Nolan spent the next 50 years travelling back and forth between central and eastern Canada, making a name for himself in Toronto and his home province.

For the past year, Nolan has been living on Bell Island with Marie, his wife of 25 years.

They thought they’d be sticking around a while, but are already gearing up to move back to Ontario once again. Bell Island is too quiet and the winter’s too rough, they agree, and they miss the friends, family, and entertainment on the mainland.

Nolan’s living room, thick with smoke and the strains of old country tunes, is crammed full of photos and music memorabilia. His three gold records hang in a proud row on the wall. A thick leather guitar strap peeks out of a box on the floor — Nolan sold his guitar when he was told he wouldn’t be using it anymore, but the strap was made for him by a friend and he couldn’t bear to let it go.
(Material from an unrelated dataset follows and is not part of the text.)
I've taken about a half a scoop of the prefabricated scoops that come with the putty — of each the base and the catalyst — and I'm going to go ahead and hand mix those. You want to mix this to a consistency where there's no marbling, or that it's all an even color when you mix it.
A selection from his collection of photographs will make it into Nolan’s latest project, a book of memoirs he’s been working on with the help of a “fellow from the university.

“You’d be surprised how much you can remember … it’s the dates are the killer, and I’ve got a lot of dates to deal with; different record companies, different contracts.
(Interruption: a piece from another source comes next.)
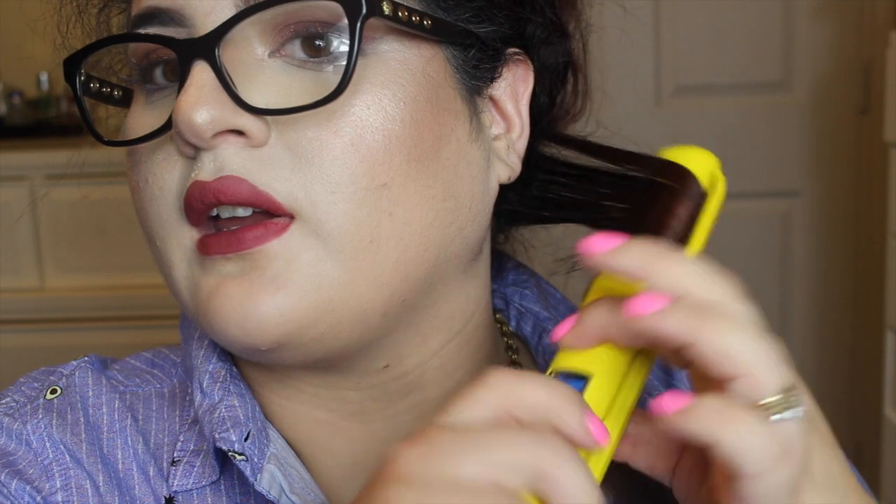I'm going to start straightening my hair. I'll be wearing my glasses because I am super hella blind. Look at how straight that is! And if you want to curl it — I'll just give an example — it curls so nice too.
“The one I do remember is 1972.”

That’s the year Aunt Martha’s Sheep hit the airwaves, bringing the singer face to face with the North American market. It also marked a change in direction for Nolan’s music — away from country cover songs, and towards Newfoundland-themed songs.

“I was born into country,” he says. “But I wanted to do Newfie (music) more, I could write it more, knew what it was about.”
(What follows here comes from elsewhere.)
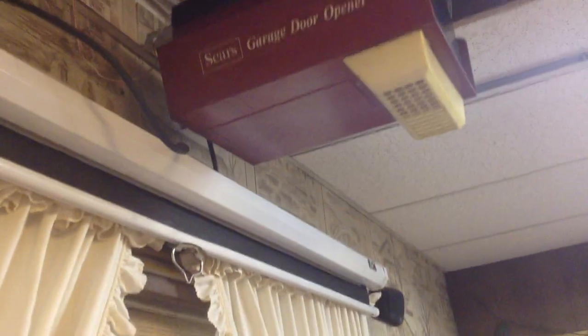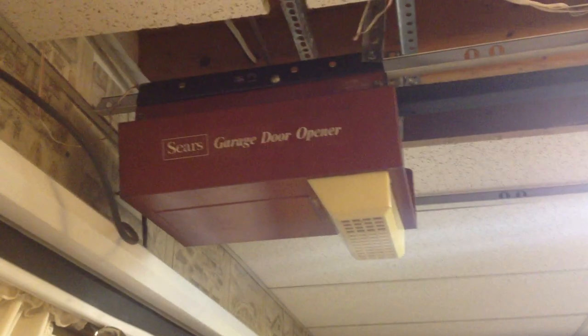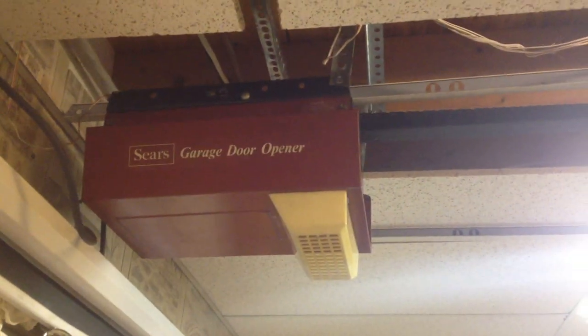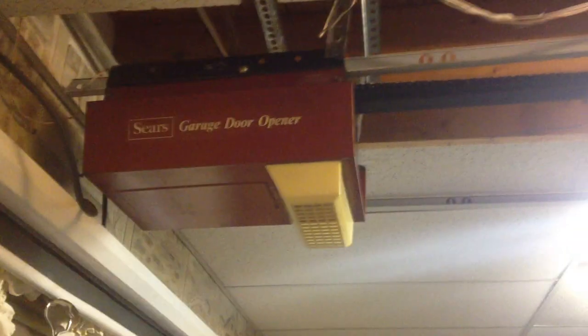We're going to go ahead and run this today. I don't know what the original wall console was — I don't know if it's this one here, or if it's the one with two buttons, or even the one with the little LEDs in it. Very quiet. Don't want to adjust the limits, so it pulls it up really high.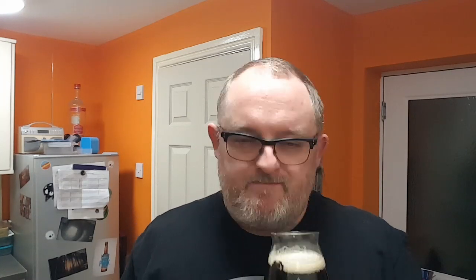It looks fantastic, it really does. Let's get a nose — let's see what we can smell. Oh, that smells good. A bit of sugar, a touch of liquorice, roasted malt, a tinge of coffee, a bit of tobacco, a bit of smokiness. It smells great. Let's get a taste — cheers!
Nolan’s tales are endless, wound about in his deep gravelly voice, laced with deadpan humour and punctuated by full-body bursts of laughter: taking a boat through a storm to a gig in a small town in Quebec; downing half a bottle of rum before taking the stage at the Grand Ole Opry (“didn’t help though, I was scared when I went on, scared when I came off …”); backing a young Loretta Lynn at the Horseshoe Tavern in Toronto; letting his five-year-old daughter, Mary Lou, sing the first set at the Legion in Wabush before tucking her into bed at the hotel.

“I’ve got some funny stories, and we’ve played in some funny places,” he says. “The book is about all the trouble I got in, right back in school days.

“But there’s no girls mentioned … who wants to read about a bunch of girls you went out with when you were young? Now they’re probably all married and it’d just get the husbands after me.”

Nolan had his time living the musician’s life — “lots of parties, lots of women. Not too much dope, though …

“My wife used to tell me it took me 20 minutes to go to work and three days to come home” — and got married for the first, and only, time at age 43.

It was the second marriage for Marie, who had lost her previous partner in a tragic hunting accident.

Meeting Nolan, she says, brought her “back to life,” and now she sticks by his side, helping put on his sweater, adjust his collar, fixing a cup of coffee, the things Nolan’s hands won’t let him do himself.

A singer as well, Marie smiles from the cover of at least two of Nolan’s albums. Just last weekend, the couple got up for a few songs on a quiet afternoon at a Bell Island pub.

Confident he’s got the ears of the older Newfoundlanders and Labradorians, at home and away, Nolan’s determined to bring his music to the next generation.

“I’ve got to get new fans, a new following,” he says. He’s trying to get BMG — which took over for RCA, Nolan’s former label, in Canada — to re-release Aunt Martha’s Sheep on CD. He’s got plans to record new work as well, and can’t see himself ever completely retiring.

“When I die, I’m going to be 110 years old and shot by a jealous husband,” he says, offering a toothy grin.

Before the Nolans head to their two-bedroom apartment in Scarborough, before any new book or CD released, they’ve got a big event on Bell Island to look forward to.

A Tribute to Dick Nolan concert is scheduled for Aug. 7, part of the community’s come-home year festivities, and a celebration of Nolan’s 50 years in the music industry. Promising a host of musical guests, it should be a fitting send-off for one of the province’s best-known voices.

“And I’ll be singing too,” Nolan says. “I hope the hands are working again by then.”